Hairl had a warm voice and an easy, convivial way about him that invited the listener in as friend and confidante. But that wasn’t just his on-air persona. That’s how Hairl was with everyone, all the time. Hairl Hensley was comfortable in his own skin. Being around Hairl was one of life’s “warm fuzzy” things, like putting on your favorite house slippers and bundling into your warmest robe and drinking cocoa by the fire. Being Hairl’s friend was like that.

Hairl took time to teach me about the industry we all loved so much. He drew a diagram of sound waves on a napkin to explain to me the difference in AM and FM radio waves. He educated me on various bluegrass performers and their histories. He told me inside stories (especially off-color ones) about Opry stars. One of the greatest gifts Hairl gave me, though, came a few months after I’d been working at WSM.

Kyle had told me early on that as a WSM employee, I could go to the show any time there was room on the backstage list. I knew even then that this was a rare privilege, because frankly I had no official business there. So I made it my policy to go only when my favorite artists were slated to appear, and to be there for the show and only for the show. I never attempted to interact with artists unless and until they indicated they wanted to interact with me. I made myself scarce on Saturdays because the televised segment meant TV crews, VIP and industry types, and artist entourages dominating the space.

The announcer’s podium stands stage left, at the very edge of the Opry stage next to the big red curtain. To the left of the podium (or right, if you’re backstage), tucked behind the curtain out of sight of most of the audience, sits a barstool. One night, Hairl motioned for me to come out from behind the ropes and sit on the stool. Thrilled, I did so.

From then on, especially when Hairl was at the mic, I would sit on the stool if I knew I wasn’t in the way. It offered a good place to observe the artists and listen to their pre-show conversations, or watch them hold their guitars up to their ear to tune before heading out to the circle on center stage. Most importantly, the stool gave me the opportunity to see and hear utterly magic musical performances, more than I can count.

Hairl always announced the segment sponsored by Goo Goo Clusters. Hairl would introduce Carol Lee Cooper, the leader of the house band’s quartet of backup vocalists, by asking mischievously, , “How big are your Goo-Goos, Carol Lee?” That was always good for a chuckle. When he led the audience in applause, he would often reach into his coat pocket for his keys and jingle them into the microphone.

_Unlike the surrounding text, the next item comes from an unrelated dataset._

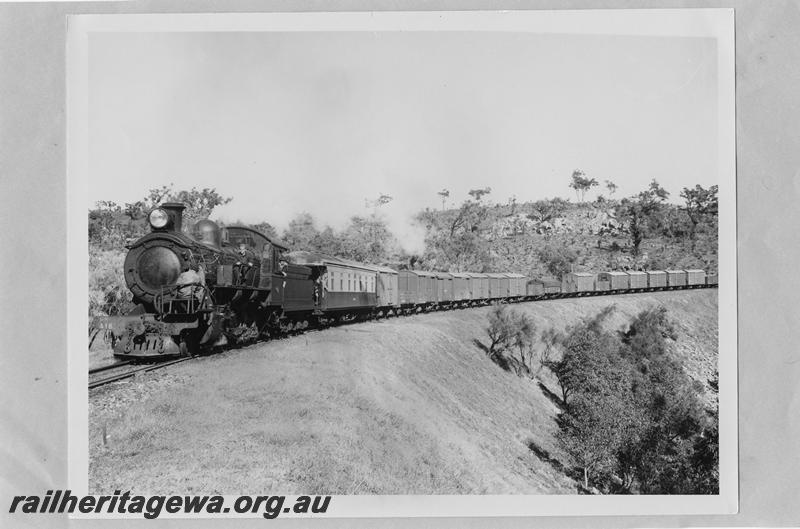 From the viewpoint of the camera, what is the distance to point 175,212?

The artists all loved Hairl, too. One night when Lorrie Morgan was on the show, Hairl and I were walking out after his shift was over, planning to get a bite to eat, just as she was walking from dressing room to stage for her appearance. She saw Hairl and stopped to hug him and talk for a bit. As they wrapped up their conversation, I apologized for cutting out before her performance and told her I had to choose between that and going to dinner with Hairl. She smiled and said, “Oh, dinner with Hairl! Absolutely. Dinner with Hairl should win every time.”

In 2003 radio station ownership changed, and over the next year most of us moved on, or were helped along. Our radio family has stayed in contact, though, and over the years I’ve made it a point to visit Hairl every so often. I lost track of him for awhile, but I’m thankful to say I caught up with him again in November, in early December, and then, finally, just yesterday.

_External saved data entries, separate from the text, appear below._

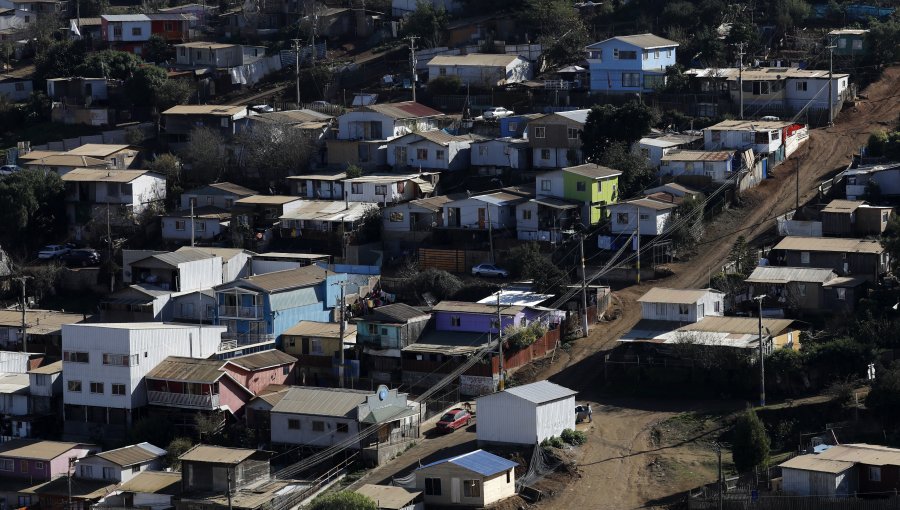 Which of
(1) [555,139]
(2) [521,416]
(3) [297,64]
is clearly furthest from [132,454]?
(3) [297,64]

I knew they’d called in Hospice a few weeks prior, and I knew he had taken a turn for the worse over Christmas. I slipped into his apartment and saw he was asleep. I told him I was there, and he made a soft sound, but he didn’t open his eyes. So I just pulled up a chair and sat with him, sometimes holding his hand, sometimes making out a grocery list or texting, sometimes just thinking my thoughts. Funny how your mind keeps doing the mundane necessary things when you’re facing life’s greatest mystery.

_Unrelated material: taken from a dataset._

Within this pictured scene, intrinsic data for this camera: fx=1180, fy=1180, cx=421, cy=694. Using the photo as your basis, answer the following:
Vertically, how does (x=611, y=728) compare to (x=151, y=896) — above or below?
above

Eventually I began humming and singing whatever song came to mind. He got quite an eclectic concert. The set list included a cappella renditions of some favorite hymns: “All The Way My Savior Leads Me” and “In The Garden.” Then I decided Hairl might want a little more variety, so I sang James Taylor’s “Sweet Baby James,” and the Beach Boys’ “God Only Knows” and threw in a good country shuffle with Rodney Crowell’s “I Couldn’t Leave You If I Tried,” and a country standard, “You Are My Sunshine.” Finally I sang “Amazing Grace.”

And then, after about 90 minutes, I had to leave. So I squeezed his hand and kissed his forehead and said goodbye and told him I loved him, and I slipped out of his room. And later, in the wee hours of this morning, he slipped out of this life.

I didn’t really realize it at first, but it has dawned on me that saying goodbye to Hairl means saying goodbye – yet again – to the happiest years of my professional life, working with people who loved the music first and foremost, and who loved working for the entities that brought that music into the lives of millions of people all over the world.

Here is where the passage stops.